A figure stood a little distance away.

He blinked hard, letting the tears finally fall. The streetlights sharpened. The night steadied.

And there she was.

Hauen. His Hauen.

"Hauena…" The name slipped out like a prayer he had been repeating for a year. His throat locked around it, emotions rising too fast, too violently.

"Hauena," he called again, louder this time, as if saying it once wasn't enough to make her real.

She nodded slowly, tears streaming down her face, her lips trembling as she tried to hold herself together.

His heart went wild. His legs shook beneath him, nerves misfiring, body refusing to cooperate with the storm inside. He tried to stand. His knees buckled, and he fell, palms hitting the cold street.

It didn't matter. His eyes never left her.

He pushed himself up again, stumbling forward, only for his legs to give up once more. His body felt foreign, useless, overwhelmed by the sheer force of finally seeing her.

She gasped, stepping forward instinctively when he fell.

Again, he rose.

This time, driven by desperation, by instinct, by a love that had survived everything meant to kill it. He reached her and collapsed into her, arms wrapping around her as if his life depended on it.

Because it did.

He held her tightly. Too tightly. Afraid that if he loosened his grip even a fraction, she would be snatched away again.

She stumbled back a few steps under his weight, but she didn't push him away. She held him.

He broke down. His sobs tore out of him, raw and unrestrained. His face buried into the curve of her neck, tears soaking into her dress as if his body had been waiting for this moment to finally fall apart.

"You were here… you're here," he cried, voice shattering. "Why did you leave me?"

His words came out broken, jagged, like glass dragged across his throat.

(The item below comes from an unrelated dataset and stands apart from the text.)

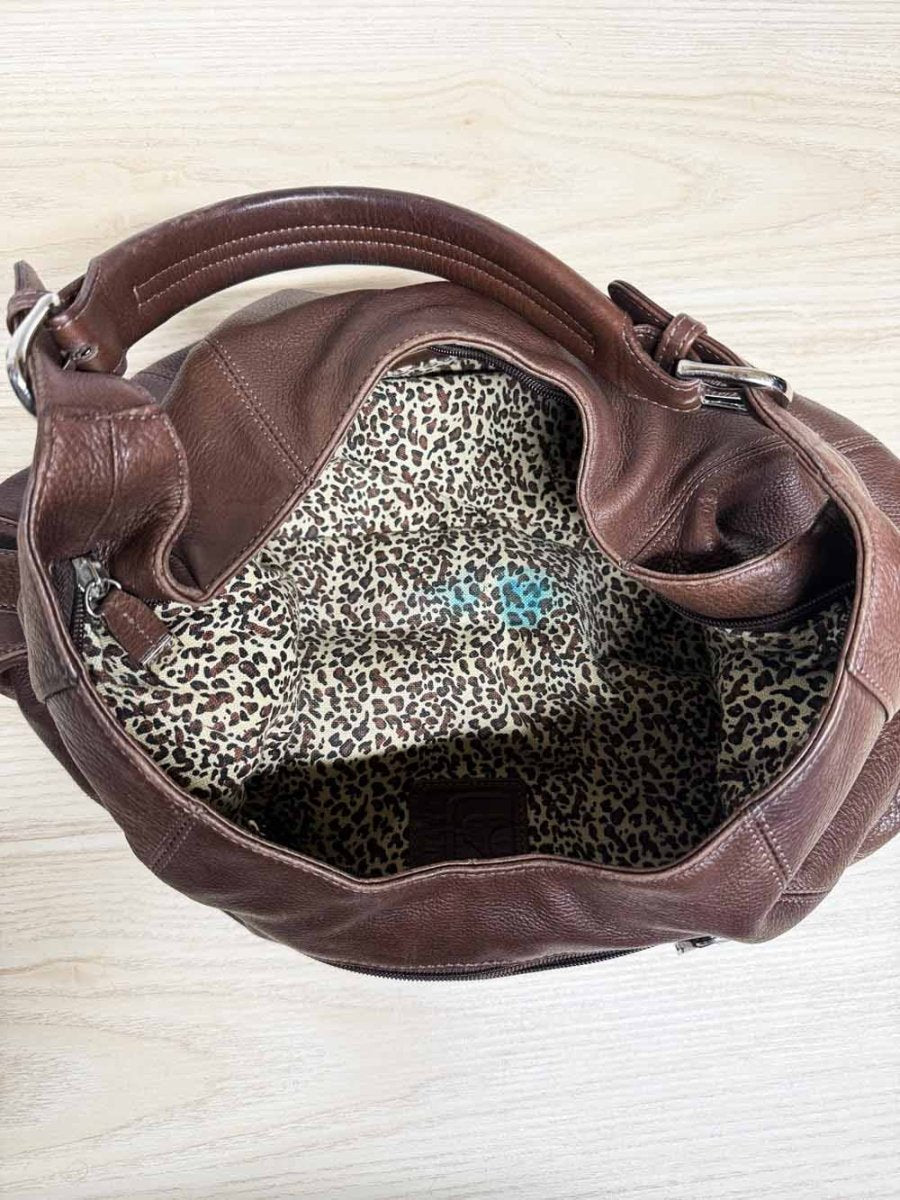 vintage soprano leather ruched shoulder bag - good market thrift store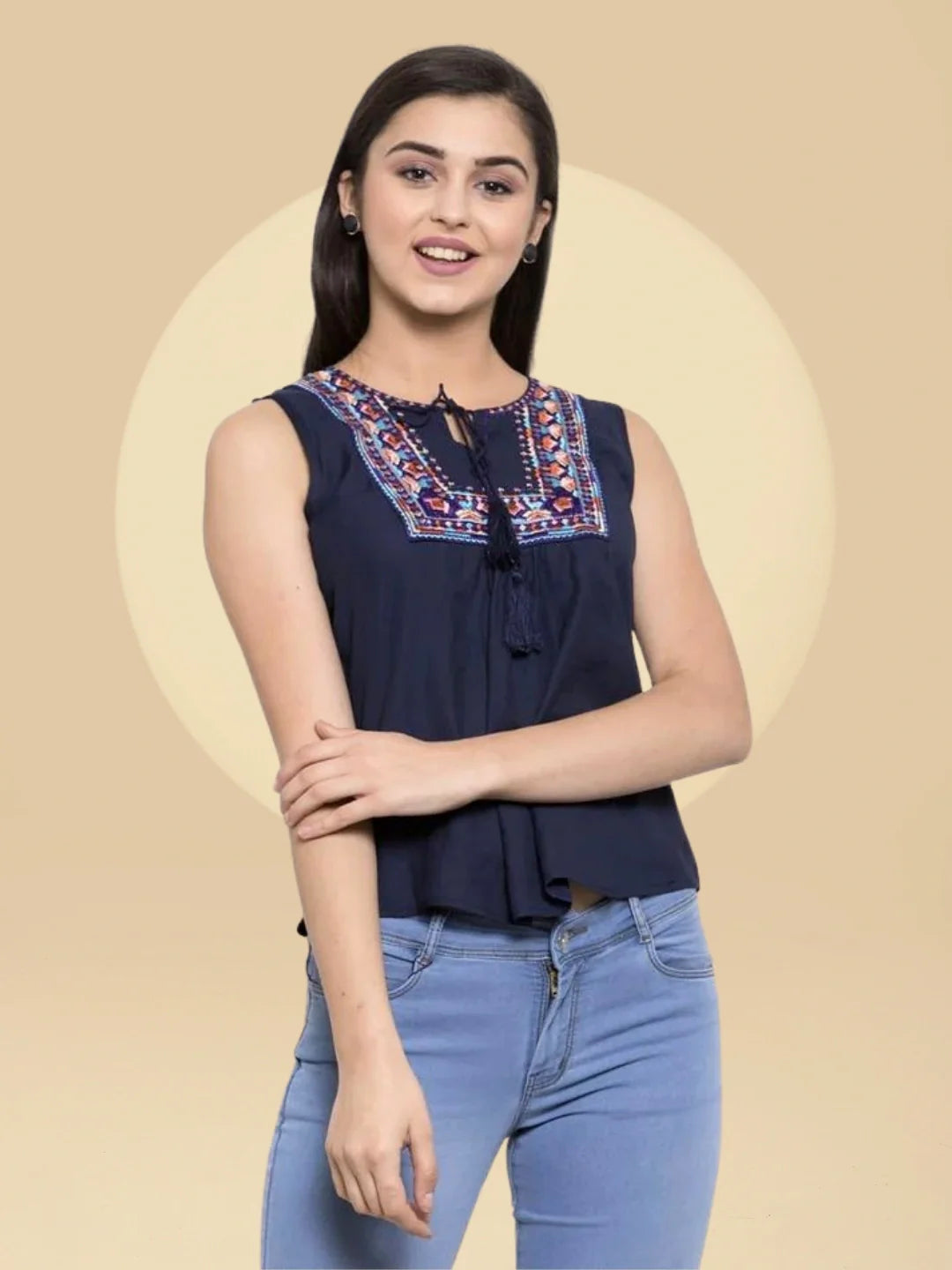 Women Embroidered Navy Blue Tie-Up Neck Top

She cried with him, her own tears falling freely now. She had missed him, too. Craved him in silence. Survived only by clinging to the memory of his voice.

"Why did you leave me, Hauena?" he sobbed, his voice hoarse, echoing through the empty street like a cry at a funeral. "I was dying every day without you…"

Her chest ached. Her hands tightened around him, holding him together when he could no longer do it himself.

"I love you, Hauena," he cried, clinging to her as if the world might steal her away again. "I can't live without you."

"I love you too, my teddy bear," she whispered into his hair, her voice breaking as badly as his had.

And he cried.

Not quietly. Not with dignity. He cried like a man who had been holding his breath for a year and was finally allowed to breathe. Like someone who had carried a mountain of pain behind calm eyes and a straight spine, never letting it show.

He cried into her shoulder, gripping her as if she were the only solid thing left in a collapsing world. He didn't care where they were. Didn't care who might see. Nothing existed beyond this moment.

She held him closer. She didn't rush him. Didn't ask questions. Didn't interrupt his grief. She simply held him.

Because she knew. She knew what he had endured. How had she survived these months without her? How he had bled silently, drowning in responsibility and sacrifice.

And she knew she had been bleeding too, miles away, loving him just as fiercely, just as helplessly.

So she stayed.

Holding him. Letting him cry. Letting him empty the grief he had buried for a year.

Until his sobs softened. Until his breathing steadied. Until the man in her arms felt human again.